▶ What this task involves
Retype the line where "[VIDEO] 130715 EXO @ Sheremetevo Airport" appears and each line that follows it down to the last line of the records below. Leave the pictures out.
··· Information
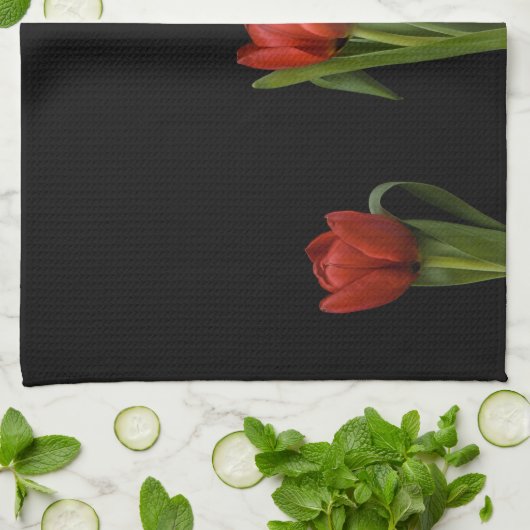 Stijlvolle, trillende rode tapijten op zwarte keuk theedoek (Gevouwen)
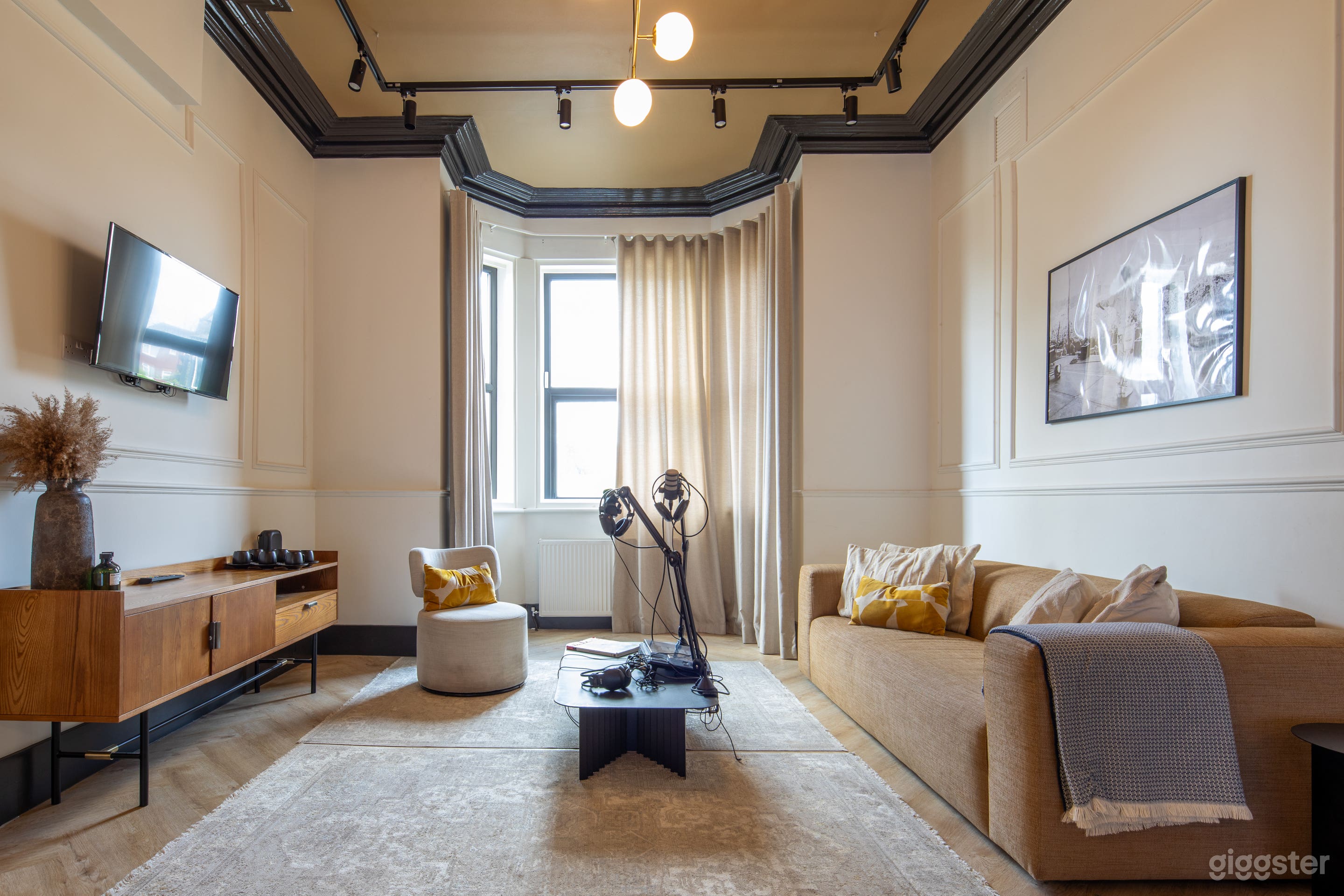 Modern and Large Lounge with Grand Piano Photo 1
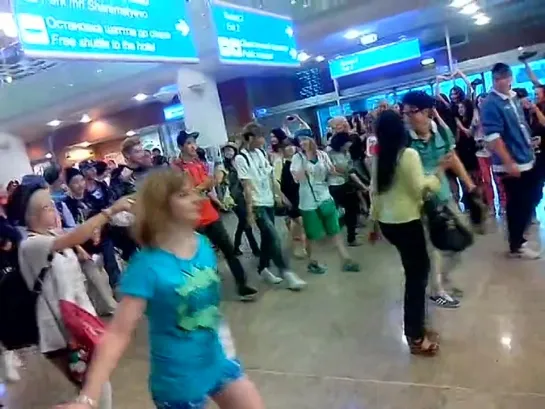 [VIDEO] 130715 EXO @ Sheremetevo Airport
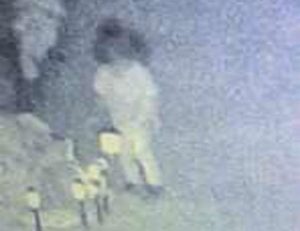 كاميرات المراقبة تلتقط صورة مرعبة أمام قبر طفلة توفيت قبل أيام فقط..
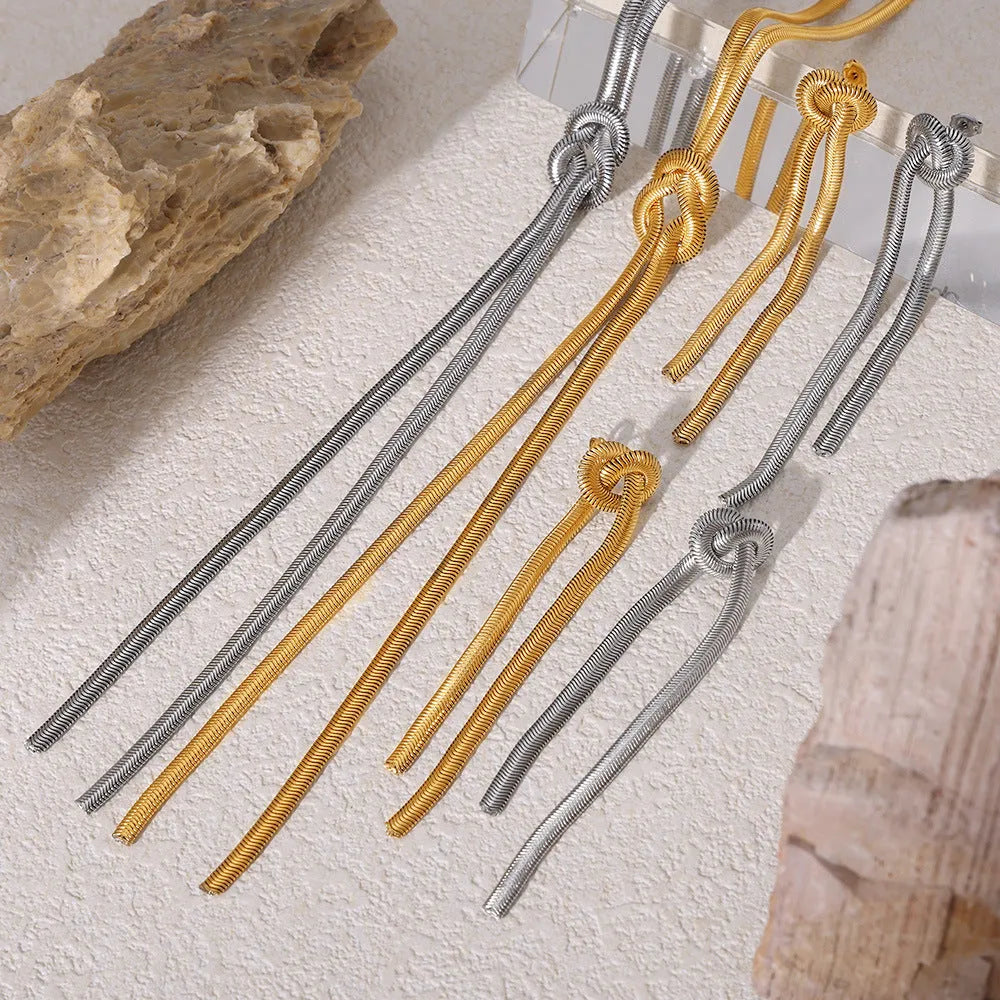 Gold electroplated titanium steel necklace and earrings set with tassel details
······
▶ Result of this task
 [VIDEO] 130715 EXO @ Sheremetevo Airport
 كاميرات المراقبة تلتقط صورة مرعبة أمام قبر طفلة توفيت قبل أيام فقط..
 Gold electroplated titanium steel necklace and earrings set with tassel details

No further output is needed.